By Amy McCollom
There are times that I pray so hard for that one big thing. But sometimes deep in my soul, I feel a foreboding that I already know what the answer will be; and the answer is no. Is that doubt? There were times that I was so sure a prayer would be answered that I went ahead and made plans to go forward. But the answer was no. I was stunned and in shock. I got mad at God for a minute. But in the quiet of the night when I was done complaining, God spoke to my mind and reminded me that He made the universe and all the heavens and the earth and everyone of us, and that He knew my disappointment, but He was still in control.

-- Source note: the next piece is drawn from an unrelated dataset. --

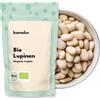 Kamelur 1kg semi di lupino BIO - legumi secchi senza additivi, lupini dolci - semi di lupino BIO in confezione biodegradabile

Like the children that we are, we stomp our emotional feet and cry out all we want when things in this world do not go our way, but God is wise and just and kind. He gives us space, sends us people to cross our paths to comfort us, and if we listen, He will speak to us directly.
This week we lost our friend Jason Milner, quite suddenly. No one expected this 34 year old man to get this sick, this fast, and not recover. No one would have imagined last week that we would be attending his funeral this Sunday. He has 2 young boys who I taught in Sunday School. My husband is their Sunday School teacher now. We love these boys, and their dad. They are like an extension of our own family. My husband had spent a lot of time talking with Jason, giving counsel and advice, and we always tried to help that little family in any way we could. They are really special to us.
Everyone from our church and that I knew prayed fervently for Jason to live. Still, God said no. My heart cried out WHY?! But before it could finish, God had hushed me quiet.
“I am the Great I Am. My ways are above your ways. Everyday I answer 10,000 tiny prayers for you, but this one…this one isn’t just about you.”
That is what I heard God say to me. Instantly I understood what He meant. It helped me, and it did give me comfort. God has a master plan that we know nothing about. Each person touches so many other people’s lives. We were all put on this earth, given a certain amount of days, given a job to do, and then we are called home. We have to trust God that Jason’s job here on earth was complete. That through what he started on earth, and through the lives he touched, God will continue a work that will prosper. I know Jason loved God and always wanted to do the right thing. He was kind and loving and funny and we will miss him greatly. I wish he could have stayed longer, but. Who am I to say that God doesn’t have perfect timing? God, help our hurting hearts.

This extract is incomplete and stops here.